Fixes these by moving runtime_events_loc's allocation into the relevant branch, rewriting the function to be single-exit after cursor allocation succeeds, and by having both frees state their explicit guards:

ocaml/otherlibs/runtime_events/runtime_events_consumer.c

Lines 237 to 252 in 1c337f6

    
             *cursor_res = cursor; 
        
             ret = E_SUCCESS; 
        
            free_events_loc: 
        
             if (should_free_events_loc) { 
        
               caml_stat_free(runtime_events_loc); 
        
             } 
        
            free_cursor: 
        
             if (ret != E_SUCCESS) { 
        
               caml_stat_free(cursor); 
        
             } 
        
             return ret; 
        
           }

Deduplicates the two identical path-freeing if-blocks in the caml_ml_runtime_events_create_cursor wrapper which calls it, for clarity. This does not change the behaviour of the program.
Adds a test which tries to reach these cases, though only the double-free (and Windows on the commit before #13089) actually causes a failure of the test.
- This chmod 000s the ring buffer file in order to cause subsequent read attempts to fail.
- It uses a slight workaround to find the correct PID and .events file, so it works on Windows (rather than skipping), because I wanted to actually test #13089.
- The testsuite does fail on this commit.

This is the correct behaviour for cursor, since the caller takes ownership of the returned cursor iff the function returns successfully ↩

Test cases for some recent bugs in lib-runtime-events

…umer.c`

eutro · 2024-04-10T16:13:58Z

It looks like, perhaps unsurprisingly, not all platforms work with the new test (though MSVC just had a quite disappointing network error), so I intend to remove it later, since I can't think of a better way to force failure.

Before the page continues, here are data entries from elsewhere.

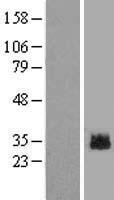 GLIPR1L2 Protein - Western validation with an anti-DDK antibody * L: Control HEK293 lysate R: Over-expression lysate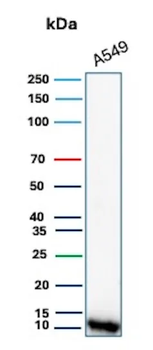S100A4 / Metastasin / Calvasculin (Marker of Tumor Metastasis) Antibody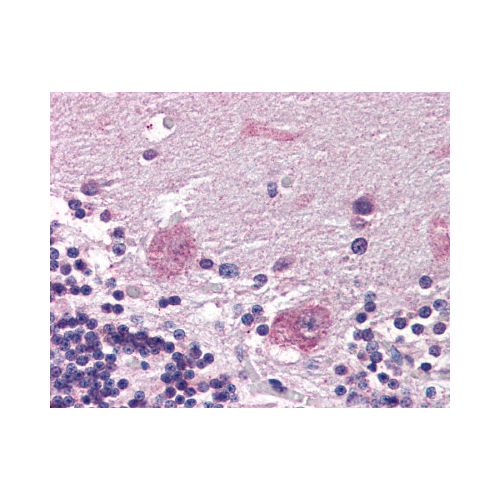 PPP2R3A (Internal) antibody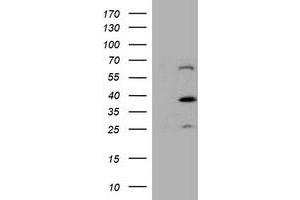 Western Blotting (WB) image for anti-Dystrobrevin, beta (DTNB) antibody (ABIN1497914) (Dystrobrevin beta anticorps)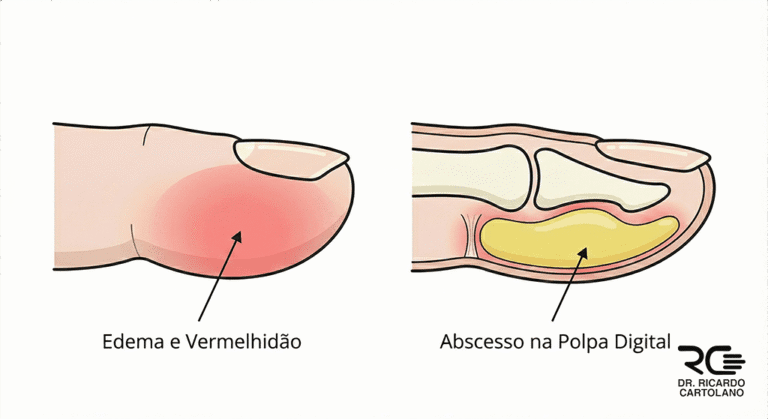 Ilustração médica de Felon, detalhando a infecção no dedo com abscesso na polpa digital e o edema externo.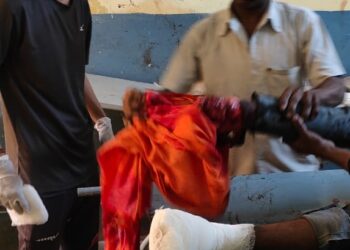 रेलवे ट्रैक पार करते वक्त ट्रेन की चपेट में आया युवकयुवक का दोनों पैर कटा, रेफर।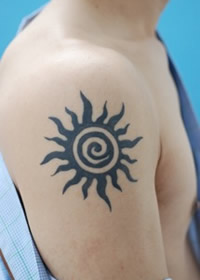 「削皮術（炭酸ガスレーザー）による刺青除去」の症例写真・ビフォーアフター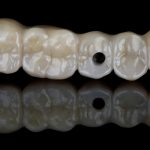 La zirconia stampata in 3D: nuove frontiere per la protesi odontoiatrica Zirconia stampa 3D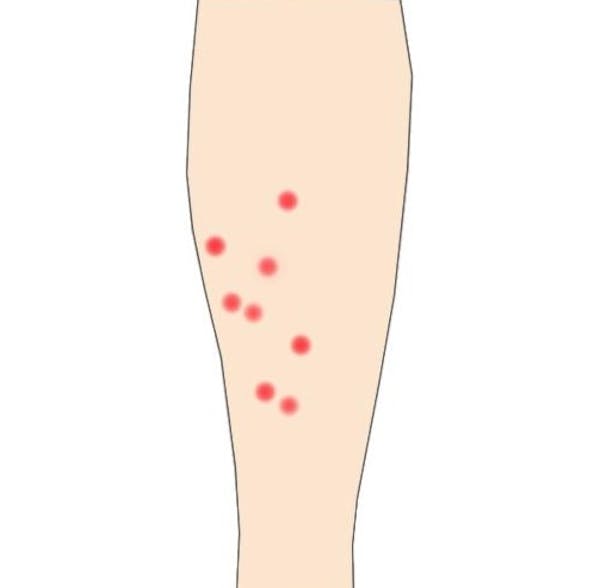 ノミに刺されたらどうすればいい 対処法や予防法をチェック ミツモア ノミに刺されたらどうすればいい 対処法や予防法をチェック ミツモア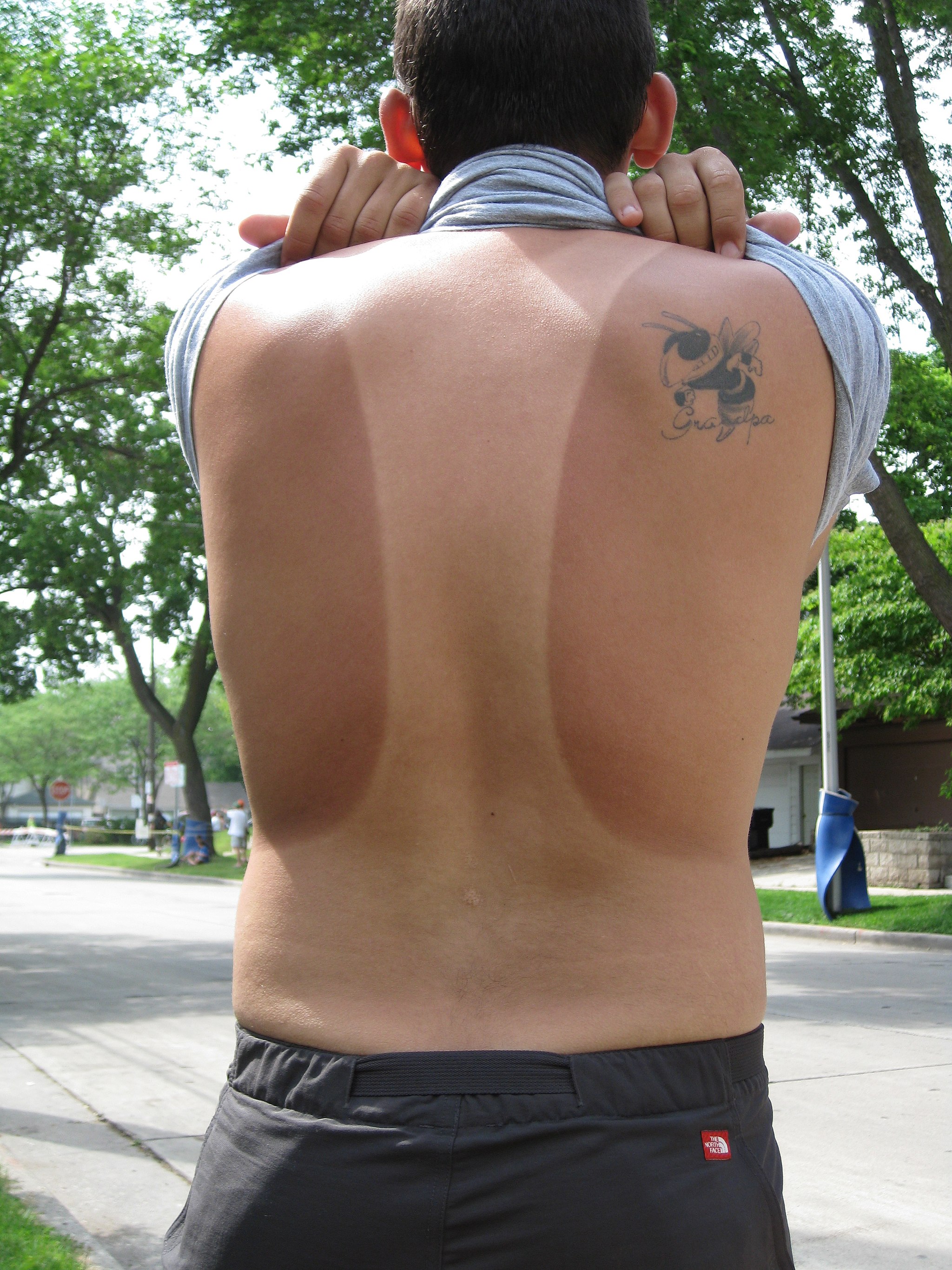 https://commons.wikimedia.org/wiki/File:Tan_Lines_on_human_male_back.jpg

dustanddreams · 2024-04-11T05:38:47Z

otherlibs/runtime_events/runtime_events_consumer.c

@@ -100,28 +100,31 @@ caml_runtime_events_create_cursor(const char_os* runtime_events_path, int pid,

  struct caml_runtime_events_cursor *cursor =
      caml_stat_alloc_noexc(sizeof(struct caml_runtime_events_cursor));
+  int should_free_events_loc;


I'd rather see that variable initialized to zero at the declaration point, so that future changes in this routine do not risk using an uninitialized value.

Following in that style should int ret; get initialised to something since it is being returned at the end of the function?

That wouldn't hurt either.

I made ret uninitialised specifically so the compiler would emit a warning if it isn't assigned before jumping; and should_free_events_loc uninitialised because it's to be initialised where runtime_events_loc is.

A change that would accidentally use these with the default initialisation is already wrong, so my reasoning is that it's better to have an obviously invalid value that the compiler would yell at us about.

This is relying upon the C compiler being always correct in figuring out whether a variable is initialized or not. It turns out they aren't always, with both false positives and false negatives. I wouldn't put too much trust in the compiler.

Drive-by comment: do we need a boolean to tell us to free runtime_events_loc, or could we just free exactly when the variable is not NULL?

Drive-by comment: do we need a boolean to tell us to free runtime_events_loc, or could we just free exactly when the variable is not NULL?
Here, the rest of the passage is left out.